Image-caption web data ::
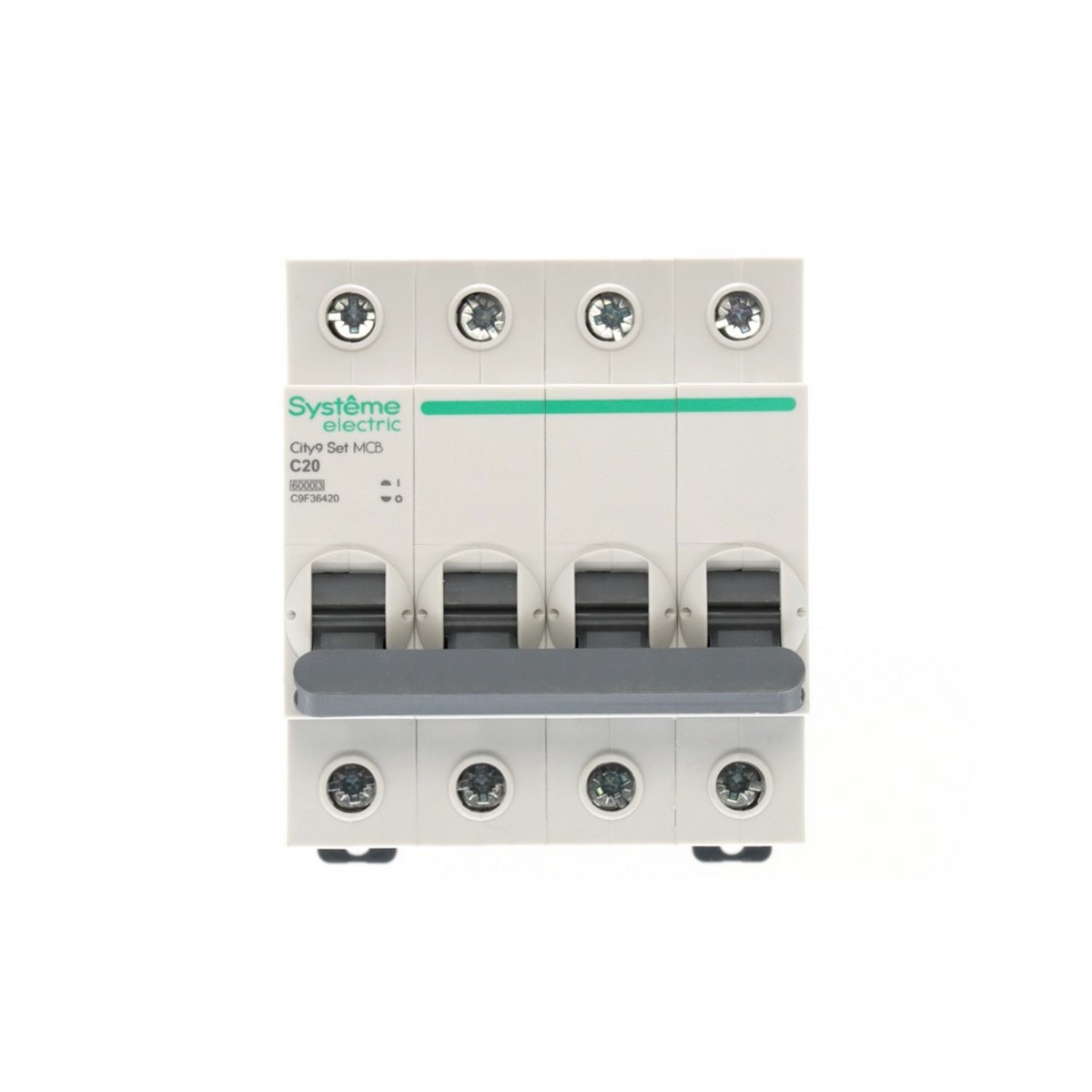 4 полюсные (четырехполюсные) Автоматический выключатель Systeme Electric City9 Set (АВ) С 20А 4P 6kA C9F36420 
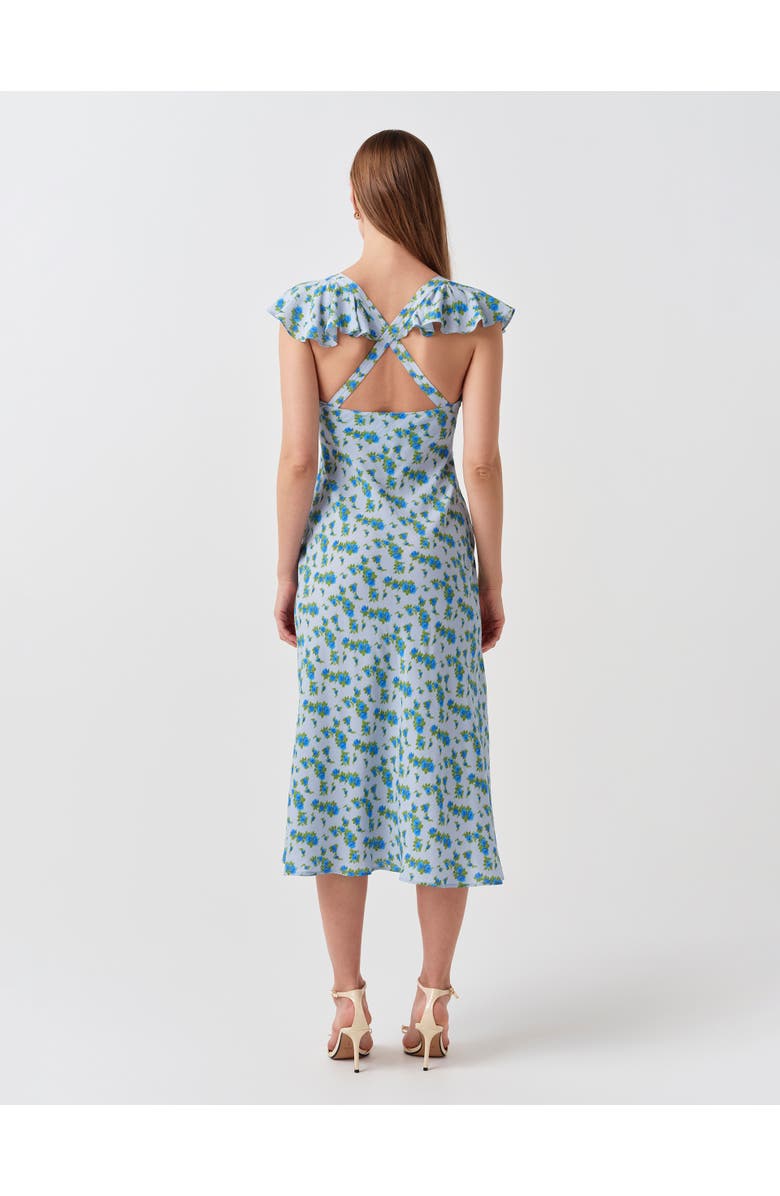 Ghost London Maya Floral Crepe Midi Dress, Alternate, color, Blue Ditsy Floral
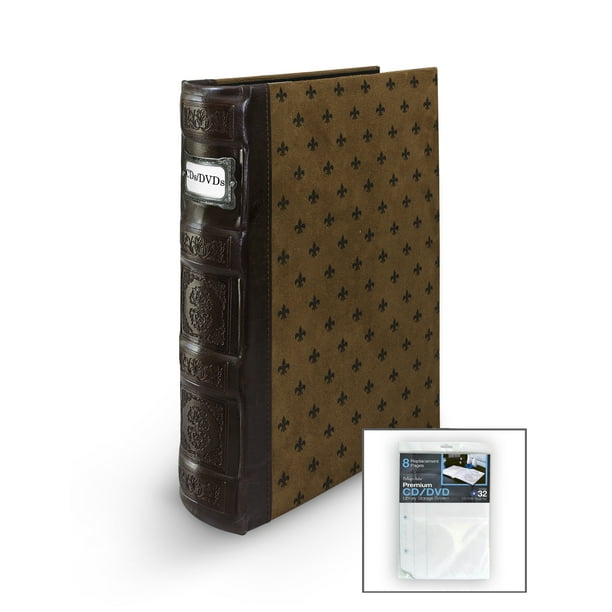 " BellagioItalia Tuscany Chestnut DVD Storage Binder Set Stores Up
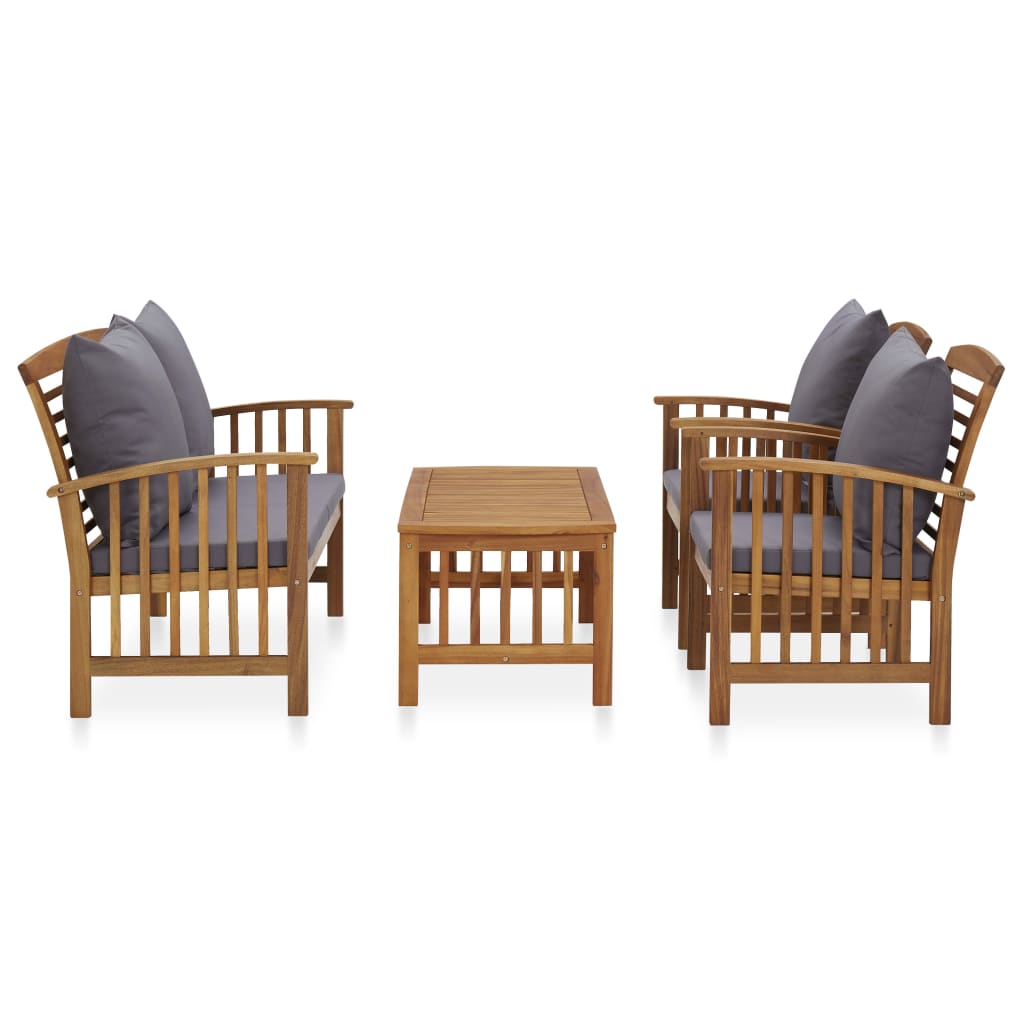 4 Piece Garden Lounge Set with Cushions Solid Acacia Wood (310258+310264)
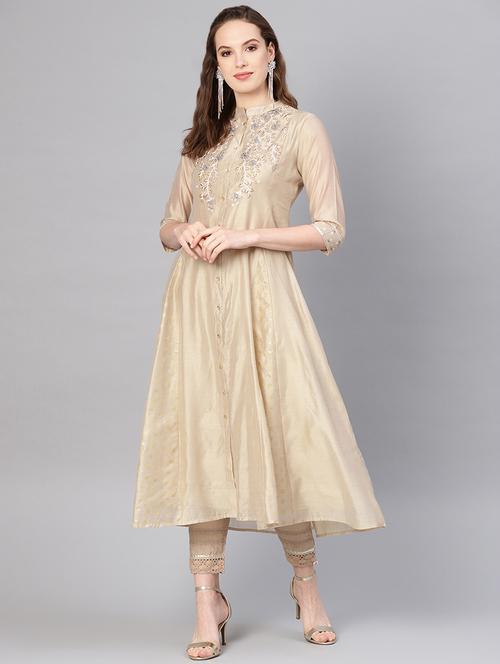pastel embroidered layered kurta - 16710648 - Standard Image - 1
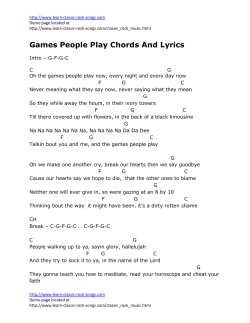 Games People Play Chords And Lyrics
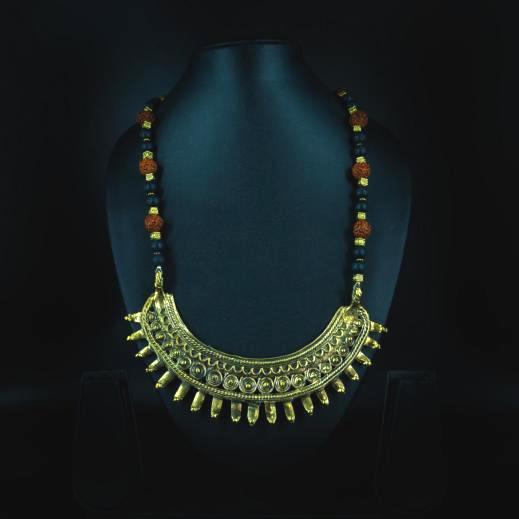 Handcrafted dokra crescent tribal necklace with antique finish detailing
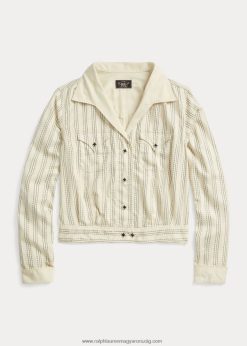 csíkos szatén western kabát 2680483634 nők Ralph Lauren krém/fekete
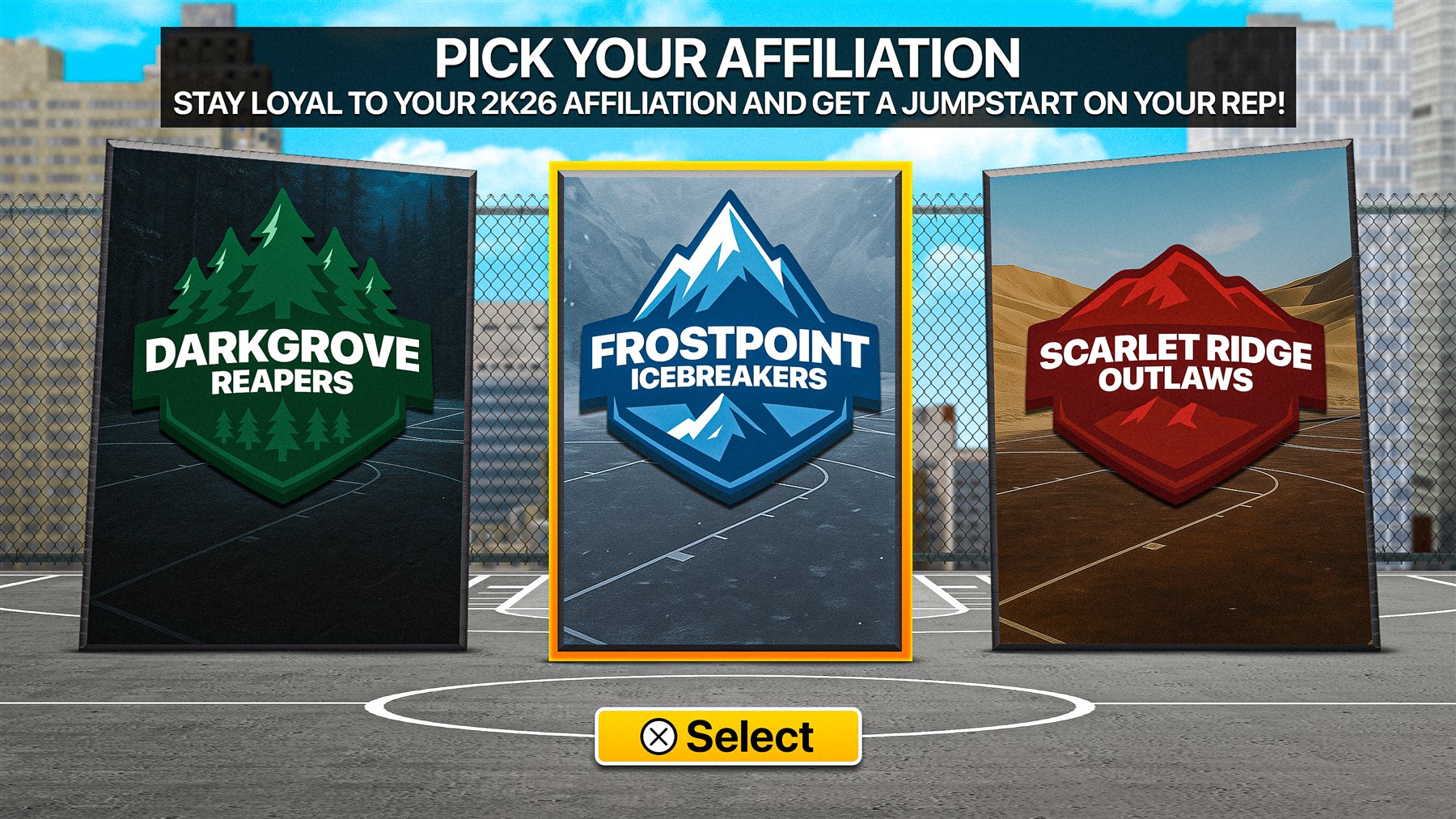 NBA 2K26 affiliation selection screen concept with three playable affiliations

Aim of the task :: Beginning with the first line of the records above, extract each line exactly through the line that holds "Games People Play Chords And Lyrics", both ends included. Omit pictures.

Task output ::
 4 полюсные (четырехполюсные) Автоматический выключатель Systeme Electric City9 Set (АВ) С 20А 4P 6kA C9F36420 
 Ghost London Maya Floral Crepe Midi Dress, Alternate, color, Blue Ditsy Floral
 " BellagioItalia Tuscany Chestnut DVD Storage Binder Set Stores Up
 4 Piece Garden Lounge Set with Cushions Solid Acacia Wood (310258+310264)
pastel embroidered layered kurta - 16710648 - Standard Image - 1
 Games People Play Chords And Lyrics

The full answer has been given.